How to complete this task ▸
In the listing below, the answer starts at the line that has "Crocs™ CLASSIC COZZZY SLIPPER Slate Grey" and stops after the line that has "Coser@wendydydydy_酱油 – FGO 玛修 Part01 (58P)"; please repeat that part exactly and nothing more.

Excerpted records ▸
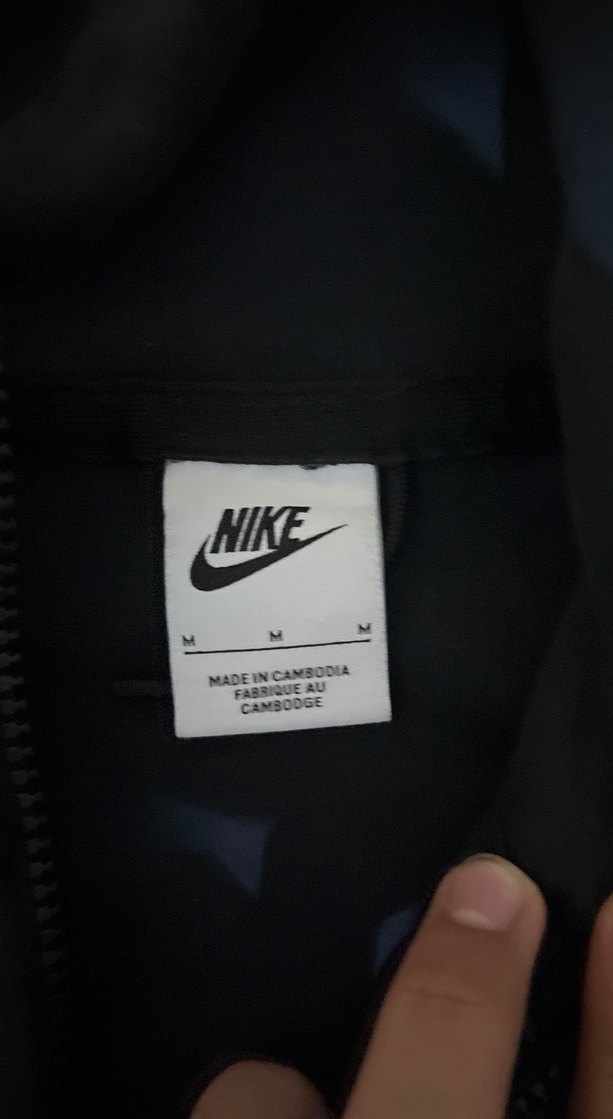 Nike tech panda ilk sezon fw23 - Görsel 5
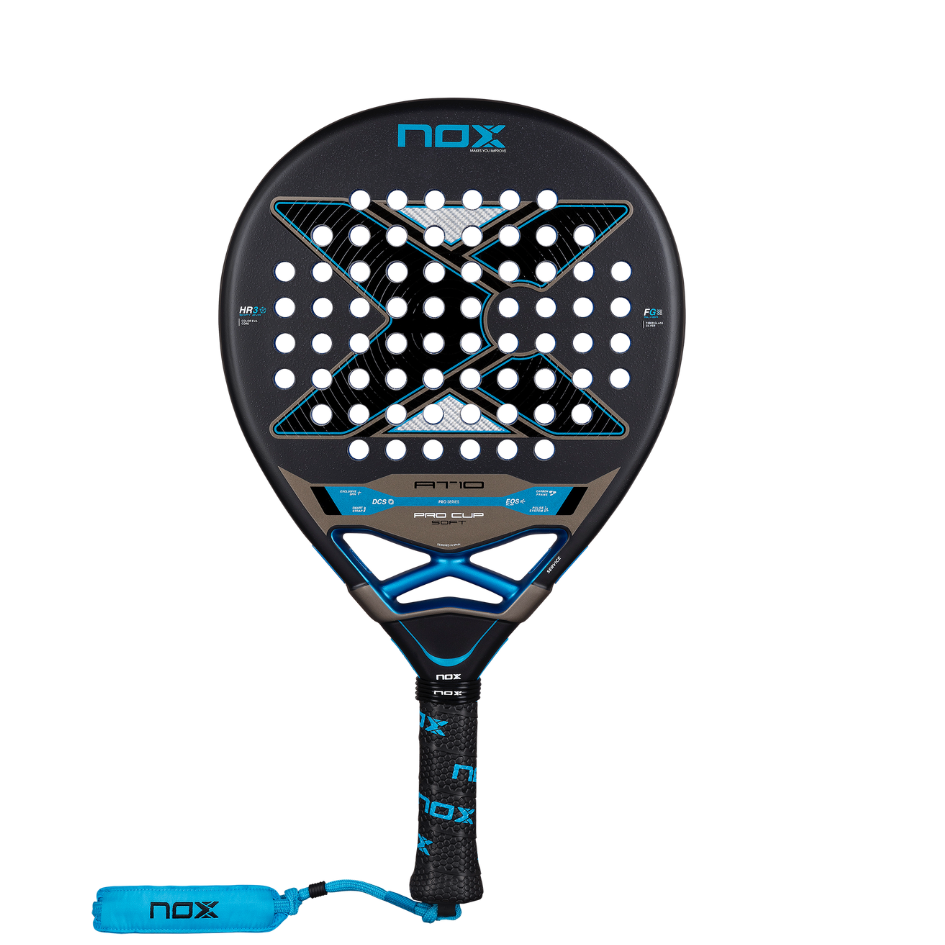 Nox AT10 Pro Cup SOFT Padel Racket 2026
---
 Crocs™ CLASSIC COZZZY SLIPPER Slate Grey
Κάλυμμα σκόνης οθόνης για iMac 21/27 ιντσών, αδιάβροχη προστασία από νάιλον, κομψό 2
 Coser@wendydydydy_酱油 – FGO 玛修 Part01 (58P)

Output for this exercise ▸
 Crocs™ CLASSIC COZZZY SLIPPER Slate Grey
Κάλυμμα σκόνης οθόνης για iMac 21/27 ιντσών, αδιάβροχη προστασία από νάιλον, κομψό 2
 Coser@wendydydydy_酱油 – FGO 玛修 Part01 (58P)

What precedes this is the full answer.